[DATA LISTING — start]

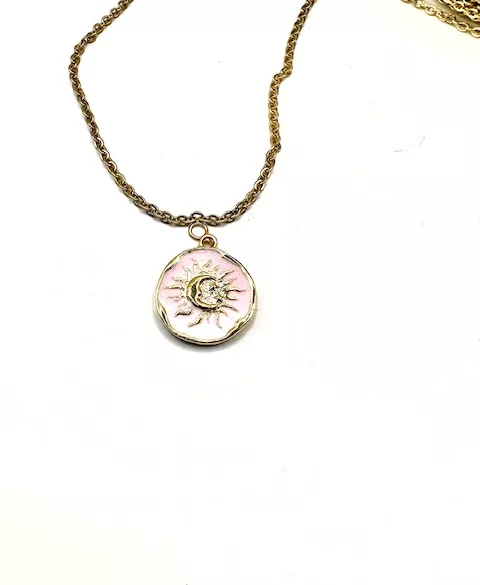 2Pendants  médaille soleil lune étoile émaillé-en 9 couleurs - Rose clair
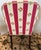 Early 21st Century French Bergere Arm Chair With Red Stripe Upholstery For Sale - Image 5 of 6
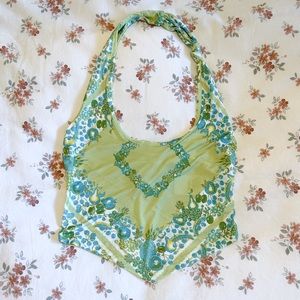 Urban Outfitters Green Cropped Halter Top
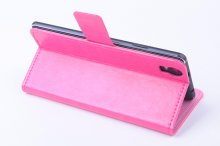 Leather Flip Cover Case Stand for Elephone G7 Smartphone Rose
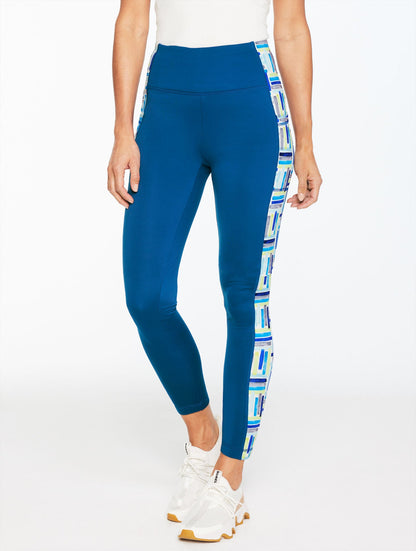 SPORT FLEECEBACK LEGGINGS - WATERCOLOR GEO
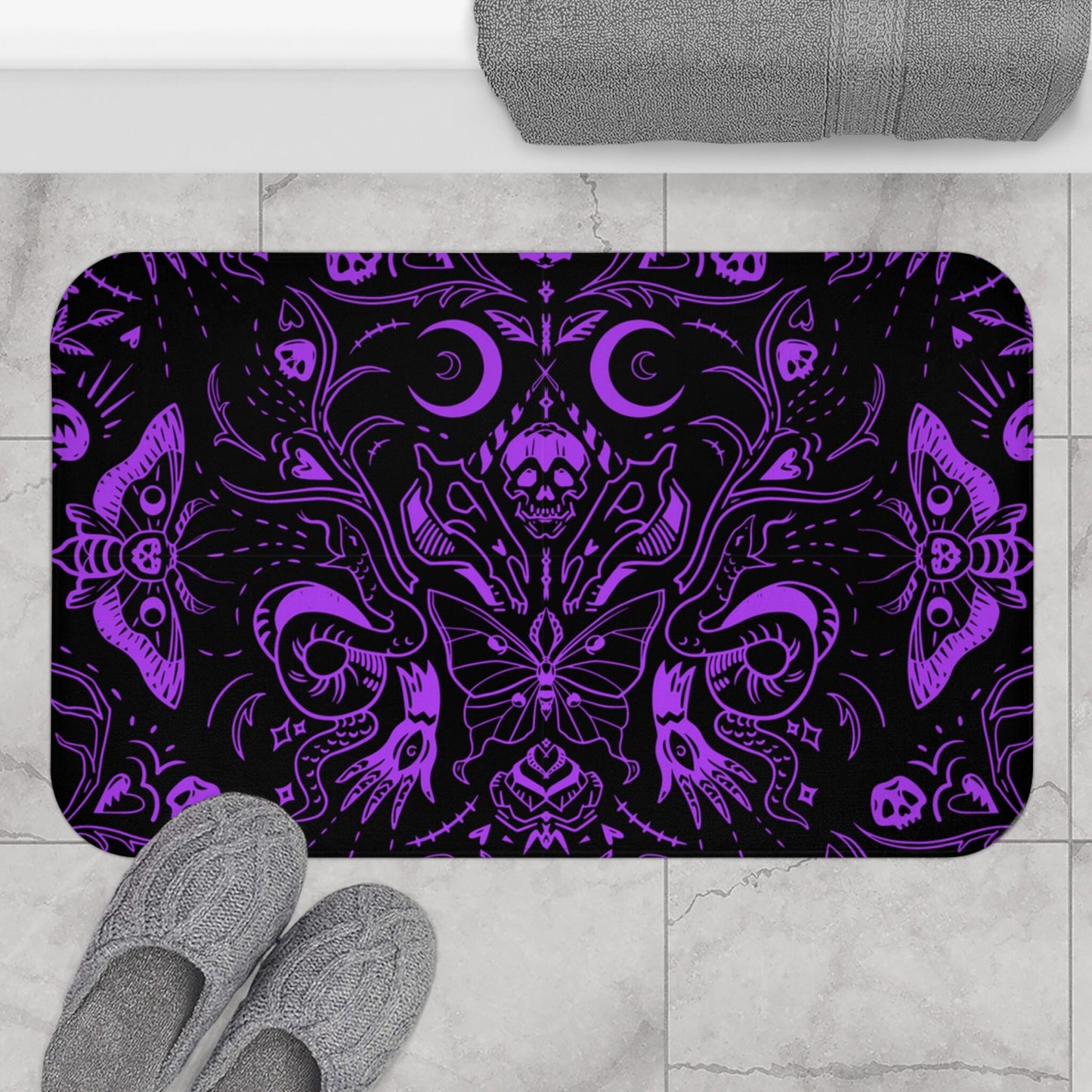 Witchy Skulls & Moths Shower Curtain and Bath Mat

[DATA LISTING — finish]

# [GOAL OF THE EXERCISE]
Copy each of the entries above precisely, and drop whatever pictures they hold.

# [OUTPUT FOR THIS TASK]
 2Pendants  médaille soleil lune étoile émaillé-en 9 couleurs - Rose clair
 Early 21st Century French Bergere Arm Chair With Red Stripe Upholstery For Sale - Image 5 of 6
 Urban Outfitters Green Cropped Halter Top
 Leather Flip Cover Case Stand for Elephone G7 Smartphone Rose
 SPORT FLEECEBACK LEGGINGS - WATERCOLOR GEO
 Witchy Skulls & Moths Shower Curtain and Bath Mat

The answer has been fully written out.